Seven Days in August

Sju dagar i august

In the course of seven days in August, Sofie and Otto Krohg-Iversen, a married couple, experience a series of trivial mishaps. Each of these incidents in itself is not so serious, but they reveal large and small cracks both in their marriage and the community around them. Is everything falling apart? Or are these mishaps reminders of a greater catastrophe in life?

The novel is set several years into the future. Eight years have passed since the terrorist attack in Oslo and Utøya, a cataclysm that had hit Sofie and Otto badly. At that time they had devised a plan for survival, strategies that have kept them and their relationship going until this week in August. But for how long can the grief process be a joint effort? Is sorrow something that can be shared for only a short period, and thereafter something you have to live alone with? While rainstorms ravage Oslo and conflicts at work accumulate, it becomes clear to Sofie and Otto that their life strategies will have to be re-evaluated and the important questions can no longer be avoided.

Longlisted for 2018 International Dublin Literary Award

Bok 607

«Bildøen writes movingly about grief when life is on hold.»

Bergens Tidende

«Bildøen strives to describe the inner mechanisms of the human mind — and succeeds.»

Dag og Tid
Forfatter 607
Photo: Linda Cartridge

Brit Bildøen is one of Norway’s most beloved and well acclaimed authors.
Bildøen made her literary debut in 1991 with a collection of poetry Bilde av menn (Pictures of Men).
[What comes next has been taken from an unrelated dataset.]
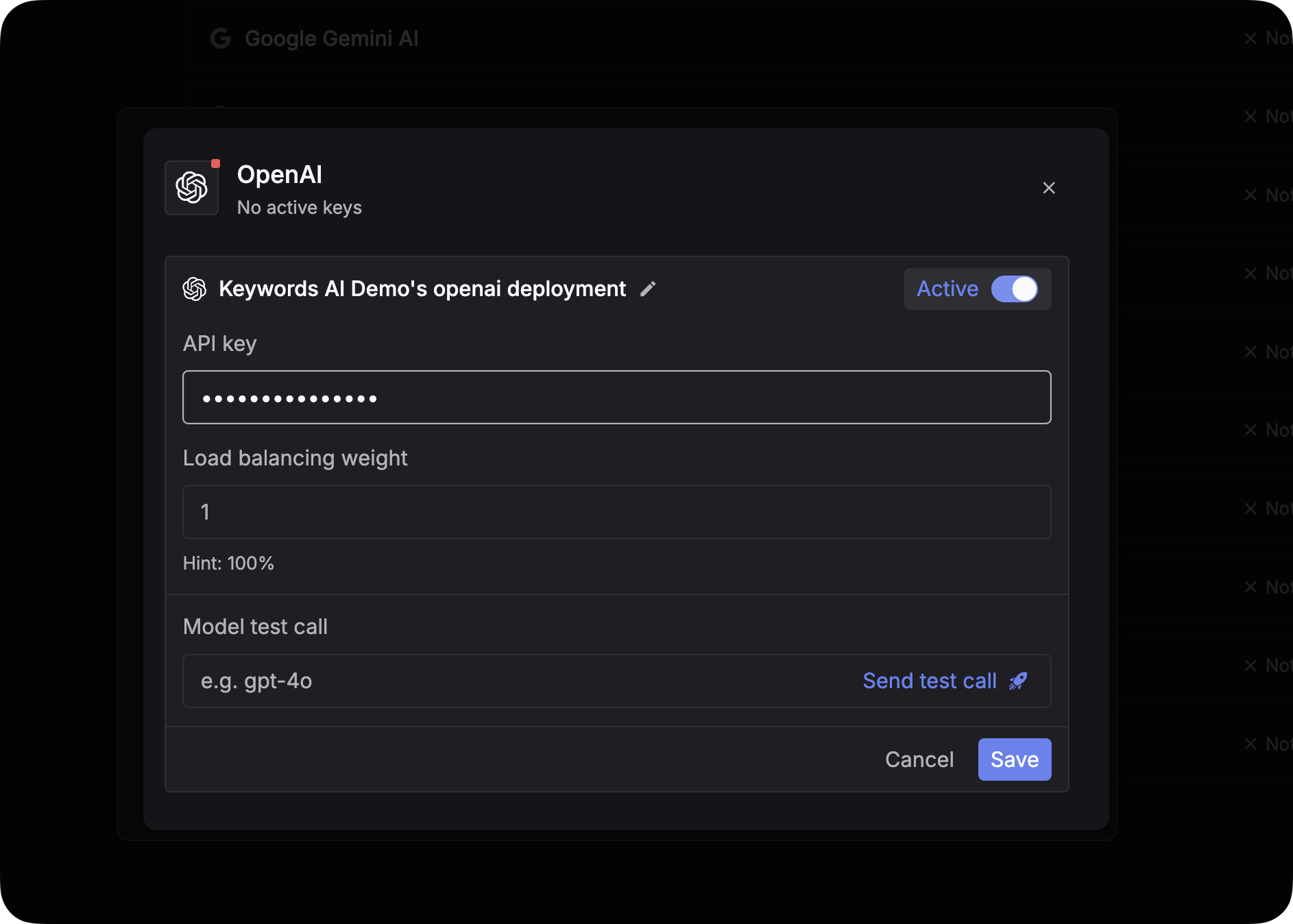 Keywords AI Credentials Page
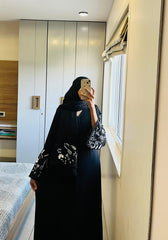 Embroidered Sleeves Buttoned Abaya - The Abaya Store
In 1998 she had her literary breakthrough with the novel Tvillingfeber (Twin Fever). For this novel she was nominated to the Brage prize for best novel and awarded the Oslo prize and Nynorsk literary prize. For her third novel, Landfastlykke (Landlocked), 2001, she was awarded the Melsom Prize and Sigmund Skard-scholarship. Her novels Alt som er (All There Is), 2004, and Mitt milde vesen (My Gentle Self), 2006, have been praised by the critics. In 2011 her novel Adam Hjorts veg (Adam Hiort’s Journey) was published, described by Norwegian author Linn Ullmann as “Playful, beautiful, hilarious and utterly compelling – a novel bursting with literary energy.”

Bildøen has translated several novels and children’s books, and is also a children’s books author herself. In 2009 she published a collection of essays called Litterær Salong with readings of Gertrude Stein, Doris Lessing, Elfriede Jelinek and other female writers.